I freeze only for a second so it's a surprise that Jacob notices. But he does.

"Hey. You ok?"

"Huh?" My brilliant reply. But in my defense, I am horribly muddled by the fact that the ghost thing looks disturbingly like _him_. My stomach starts to hurt as I think of Ron. His red hair, his honest brown eyes, his large, rough hands as they whisper across my body… Then I realize Jacob is still talking to me.

"..you look kinda dazed. Are you sure you're ok?"

"Huh?" God! What the hell is wrong with me? "I'm fine. I'm fine. Great. Super. Fantastic. Brilliant."

"Oooo-kk."

Great. Now he thinks I'm some sort of super creep dumbass. I hate being considered dumb. And I'm starting to feel oddly nervous and I need a serious change of topic and nervous people often do stupid things so…

"Did you know, as of the census of 2000, there were 3,192 people, 1,169 households, and 792 families residing in Forks. The population density was 998.6 people per square mile (386.1/km2). There were 1,361 housing units at an average density of 435.6 per square mile (168.4/km2). The racial makeup of the city was 81.47% White, 0.42% African American, 5.03% Native American, 1.51% Asian, 0.16% Pacific Islander, 8.49% from other races, and 2.92% from two or more races. Hispanic or Latino of any race were 3.54% of the population."

I stop to take a breath and am met by his stunned and confused looking face. Highly embarrassed and clueless, I do the only thing I can right then. I continue.

"In the city, the population was spread out with 30.4% under the age of 18, 11.1% from 18 to 24, 27.2% from 25 to 44, 22.1% from 45 to 64, and 9.1% who were 65 years of age or older. The median age was 31 years. For every 100 females there were 111.7 males. For every 100 females age 18 and over, there were 108.9 males. The median income for a household in the city was $34,280, and the median income for a family was $38,844. Males had a median income of $35,718 versus $23,690 for females. The per capita income for the city was $13,686. About 14.6% of families and 20.5% of the population were below the poverty line, including 25.7% of those under age 18 and 12.4% of those age 65 or over."

"Woah Woah woah. Hold up. Hermione? What the hell? Are you sure you are quite…"

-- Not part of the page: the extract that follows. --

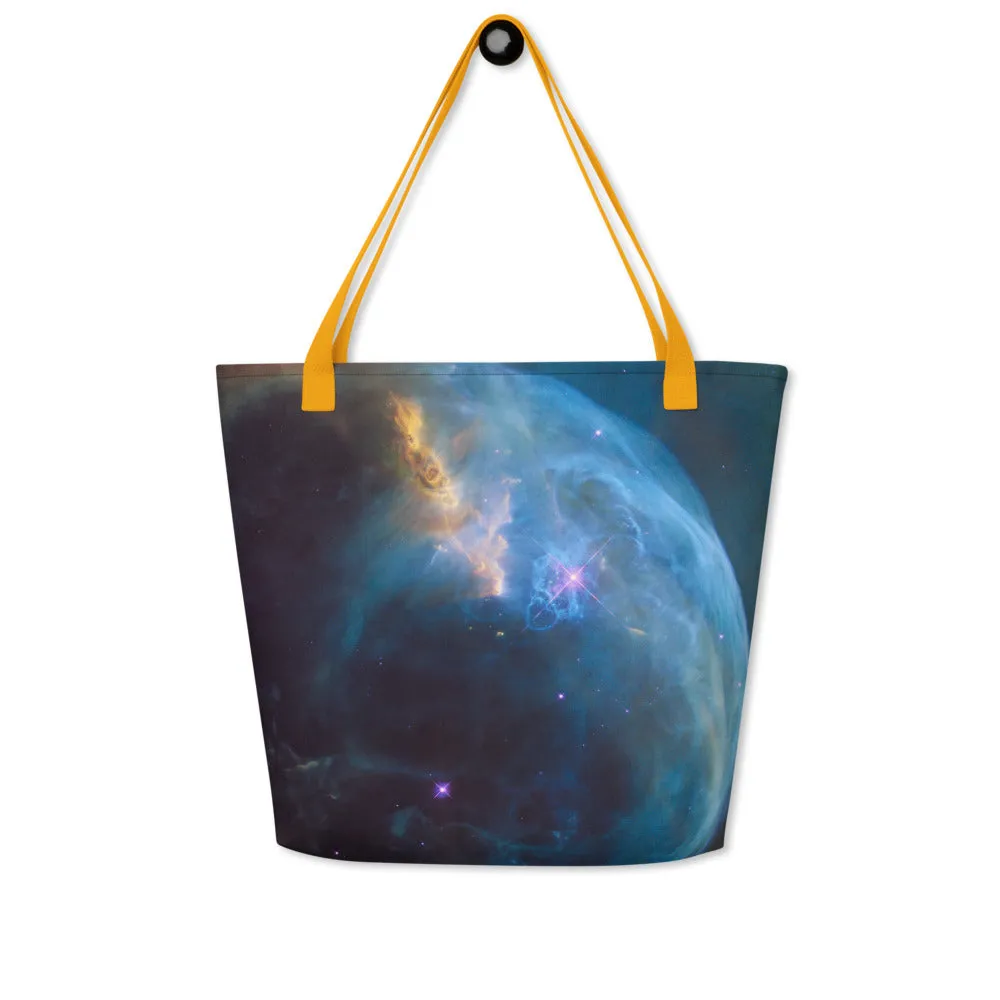 Bubble Nebula Tote Bag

But I'm too keyed up to help it now. The Ron-like ghost has freaked me out no end and I'm obviously hyperventilating and try as I might I can't get a handle on myself. Which is what hyperventilating is all about I suppose. I'm hardly even aware of Jacob sitting right there next to me. It's just that blurry ghost haunting me right now.

"Forks has an oceanic climate with very high rainfall. Although there is drying trend in summer, rain is still abundant, just not as wet as the rest of the year. Forks averages 211 days per year with measurable precipitation. According to the United States Census Bureau, the city has a total area of 3.1 square miles (8.1 km2)."

I know I'm just trying to override what just happened with a fit verbal diarrhea but it isn't really working. Except for maybe making Jacob think that I'm mentally unstable. And what's his deal anyway? He is acting way too concerned for a guy who just met me a few minutes ago. It's creepy. And touching. Ah! Hell. I'm too fucked up for words.

That's when I feel them. Two strong arms gripping me hard.

"Hermione. Look at me."

It's not a request. It's not an order. It's a statement he knows he will have fulfilled.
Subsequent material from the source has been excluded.